Ajang PBSR ini melibatkan seniman dari seluruh Indonesia melalui tahapan seleksi online di website Kemendikbud. Di laman kebudayaan.kemendikbud.go.id, dijelaskan bahwa untuk mengundang para seniman tersebut, PBSR melakukan mekanisme pendekatan publikasi dan sosialisasi undangan terbuka melalui media sosial, website serta email kepada seluruh perupa Indonesia yang ada dalam database Kementerian Pendidikan dan Kebudayaan, serta dibantu oleh Taman Budaya atau dinas yang menangani bidang kebudayaan di setiap provinsi.

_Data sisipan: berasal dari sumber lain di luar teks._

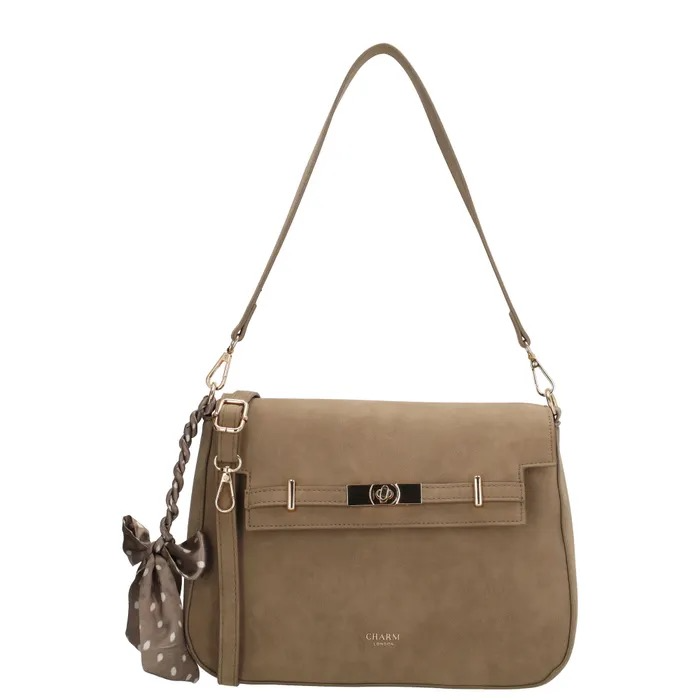 Charm London The Hamptons Village Schoudertas &ndash; PU Su&egrave;de Damestas
De Charm London The Hamptons Village schoudertas is een stijlvolle damestas van PU su&egrave;de die perfect is voor dagelijks gebruik. Dankzij het compacte formaat neem je jouw essentials gemakkelijk mee. De tas is voorzien van een afneembare korte schouderband en een verstelbare, afneembare lange schouderband, zodat je hem als schoudertas of crossbody kunt dragen.
Binnenin vind je twee insteekvakken, een tussenritsvak en een ritsvak voor waardevolle spullen. Ook aan de achterzijde bevindt zich een handig ritsvak. De overslagsluiting, gouden hardware en het decoratieve sjaaltje geven de tas een elegante uitstraling.
Kenmerken
Gemaakt van PU su&egrave;de
Afneembare korte schouderband
Verstelbare en afneembare lange schouderband
Overslagsluiting met siersluiting
Twee insteekvakken
Tussenritsvak en binnenvak met rits
Achterritsvak
Gouden hardware
Inclusief decoratief sjaaltje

Dina Adelya dengan textile art Berburu, adalah salah satu seniman Jambi yang terpilih untuk memamerkan karyanya di ajang tersebut. Textile art Berburu ini terilhami dari kehidupan Orang Rimba di Jambi. Menurut Dina, dalam proses seleksi tersebut, karya yang dinilai mulai dari konsep hingga teknik berkarya. Karya textile art Berburu terpilih karena dibuat dengan teknik sulaman dan keunikannya dalam mengangkat tradisi Orang Rimba Jambi.

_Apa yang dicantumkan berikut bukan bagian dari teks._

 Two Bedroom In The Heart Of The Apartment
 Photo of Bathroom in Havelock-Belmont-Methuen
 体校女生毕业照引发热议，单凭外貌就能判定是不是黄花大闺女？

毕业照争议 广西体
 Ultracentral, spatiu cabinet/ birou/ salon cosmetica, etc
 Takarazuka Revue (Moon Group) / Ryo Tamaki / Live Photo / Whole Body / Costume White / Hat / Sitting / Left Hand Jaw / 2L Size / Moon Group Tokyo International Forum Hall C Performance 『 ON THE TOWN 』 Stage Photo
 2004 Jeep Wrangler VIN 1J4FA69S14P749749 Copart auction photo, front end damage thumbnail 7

Textile art Berburu secara keseluruhan dibuat secara handmade dengan sulaman dan dijahit tangan. Materialnya terdiri dari, manik-manik, benang, tekstil seperti brokat dan batik Jambi.  Textile Art ini merupakan satu dari ke-12 karya Dina yang dipamerkan dalam tugas akhir Universitas Negeri Semarang Jurusan Seni Rupa beberapa waktu lalu. Dalam proses karya Berburu ini pembuatannya  terinspirasi dari  sistem kegiatan berburu Orang Rimba. Menurutnya, mereka berburu untuk mempertahankan hidup. Sayangnya hutan yang ada di Jambi makin lama makin sedikit karena dialihfungsikan menjadi perkebunan sawit yang kemudian menyebabkan Orang Rimba kehilangan tempat untuk berburu.

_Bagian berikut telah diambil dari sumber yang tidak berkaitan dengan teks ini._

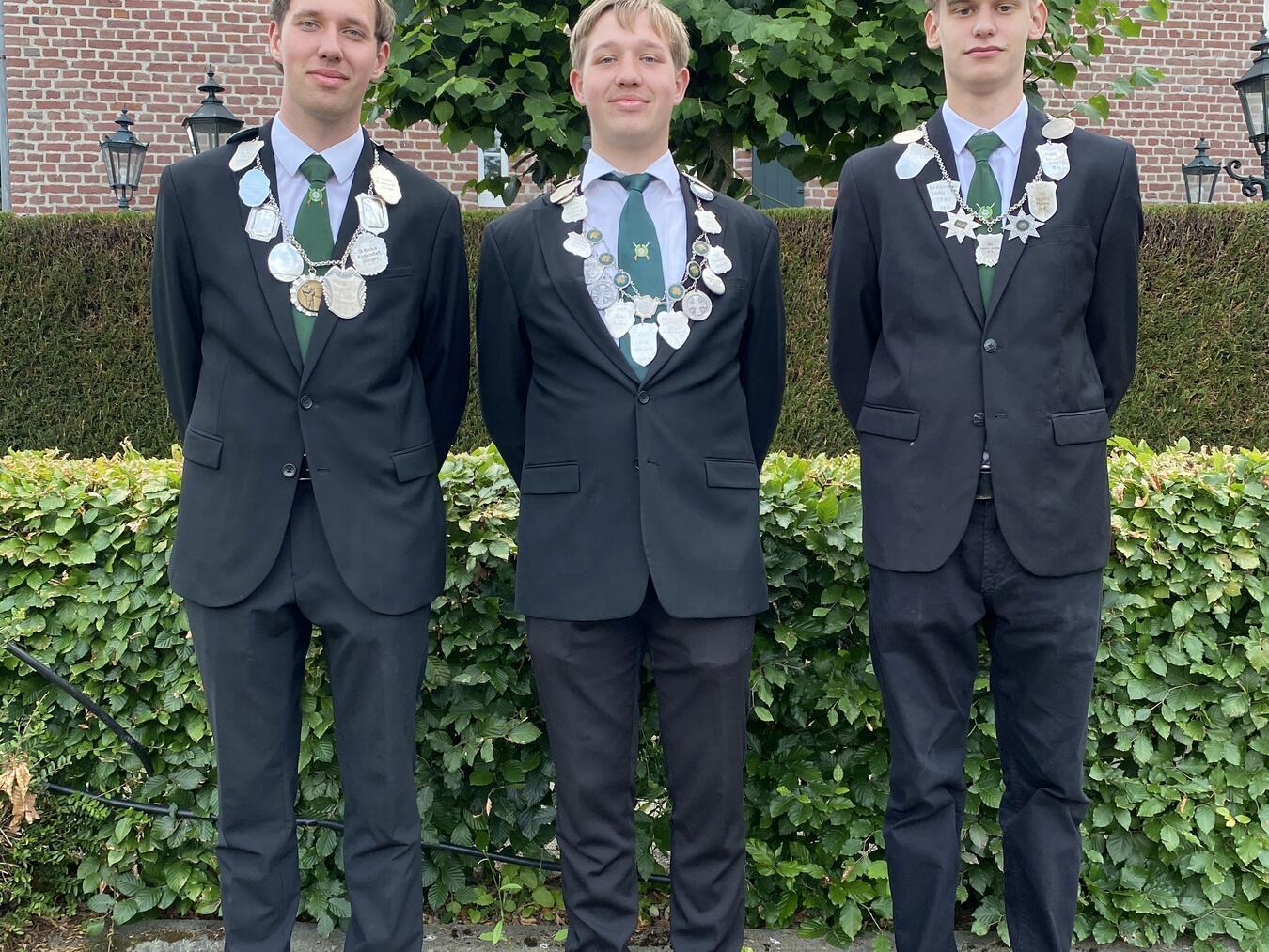 Maik Stammen ist neuer König in Lüllingen Jugendprinz Lukas Küsters mit seinen Adjutanten Jens Küsters (l.) und Noah Jeckstadt (r.).Fotos: Franz Clahsen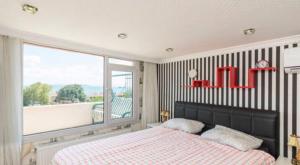 1 dormitorio con cama y ventana grande en Front of Sea View Apartments Sultanahmet SEA VIEW en Estambul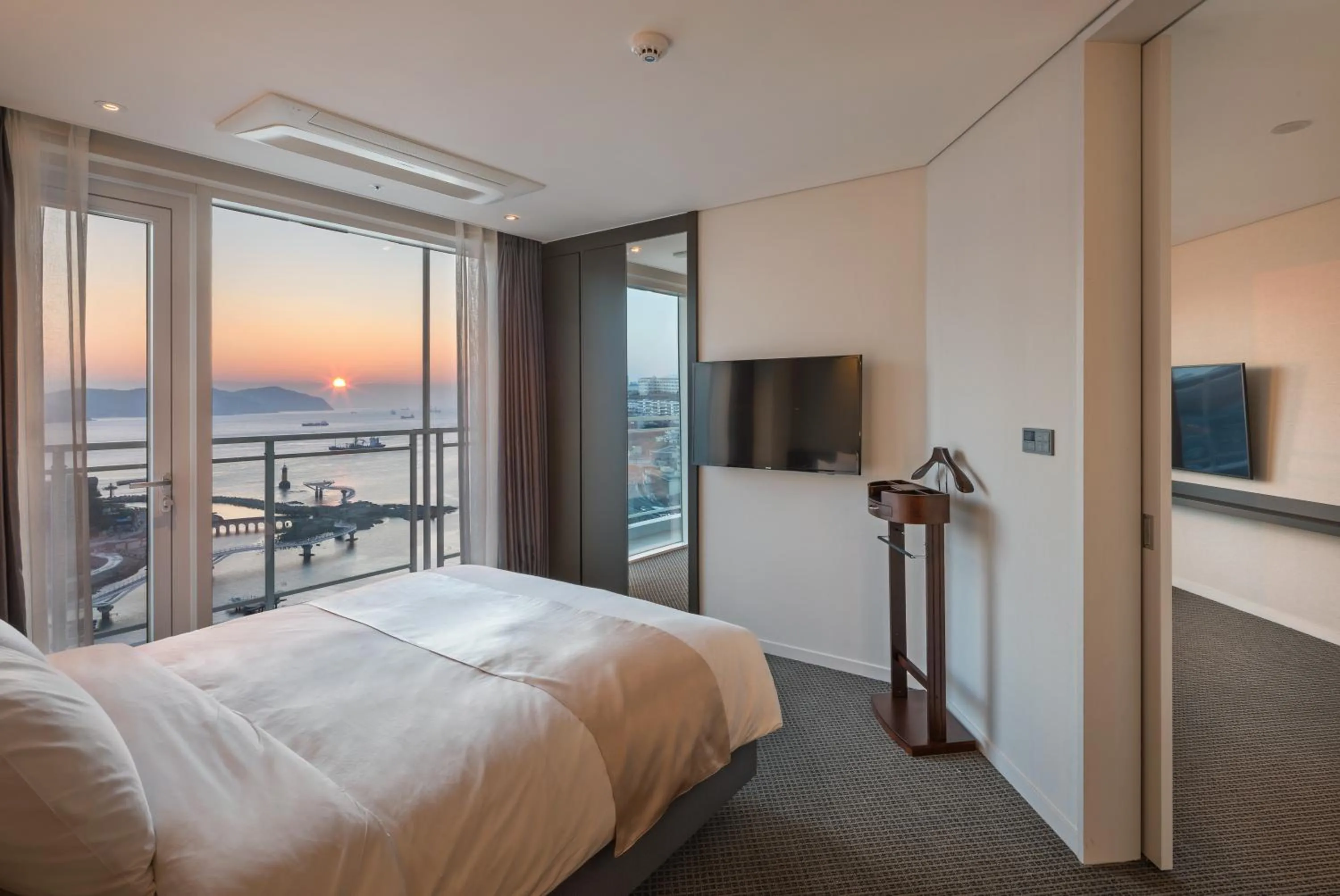 Bedroom, Bed in Grab The Ocean Songdo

Banyak pengalaman yang ia dapatkan selama mengikuti kegiatan PBSR ini. Selain bertemu dengan Gubernur Ambon, wakil Kemendikbud dan galeri nasional Jakarta, Dina juga bertemu dengan sesama seniman perwakilan dari tiap-tiap provinsi. Melalui ajang ini ia dapat bertukar pikiran dan mendapatkan masukan untuk karyanya. Sebab, banyak seniman yang mengapresiasi karyanya karena textile art Berburu menggunakan teknik yang jarang digunakan dalam karya seni rupa. Dina pun mendapat masukan agar lebih mengembangkan teknik dalam berkarya melalui jalur textile art. Demikian pula halnya dengan para pengunjung, apresiasi mereka terhadap karyanya sangat bagus. Kebanyakan pengunjung tidak menyangka jika sulaman textile art dapat dijadikan sebagai media seni. Lebih penting dari itu, melalui karya ini pengunjung pun bisa lebih mengenal kehidupan Orang Rimba  yang ada di Jambi.

kehidupan Orang Rimba
Kehidupan Orang Rimba

Selama kegiatan ini Dina juga sempat bertemu dengan pegawai serta pejabat dari Taman Budaya Jambi. Mereka tidak menyangka jika Dina membawa nama Jambi melalui jalur textile art, karena Dina selama ini bermukim di Semarang untuk kepentingan studi. Menurutnya, perwakilan dari Taman Budaya Jambi tersebut mengajaknya pameran di Jambi jika ia pulang ke Jambi nanti. Ajakan ini dimaksudkan untuk mengenalkan budaya Jambi dan teknik berkarya kontemporer.

Senada dengan tema Huele pada PBSR ini, Dina memiliki kesan dan pesan bahwa dalam setiap pekerjaan punya risiko. Namun, semua aktivitas dan pekerjaan harus dijalani dengan semangat, senang, dan bertanggungjawab. Tidak semata karena hobi atau passion saja. Demikian juga bagi yang memiliki passion bekerja menjadi Aparatul Sipil Negara (ASN), pekerja kantoran, atau bidang pekerjaan lainnya, semua harus dijalani dengan semangat, bahagia, dan bertanggungjawab. “Do what you love and love what you do.”

Itu pesan pamungkasnya kepada Sahabat Puan. Sebab, pekerjaan itu bermacam-macam dan berbeda-beda, senang atau tidak senang tergantung pribadi yang akan menjalaninya.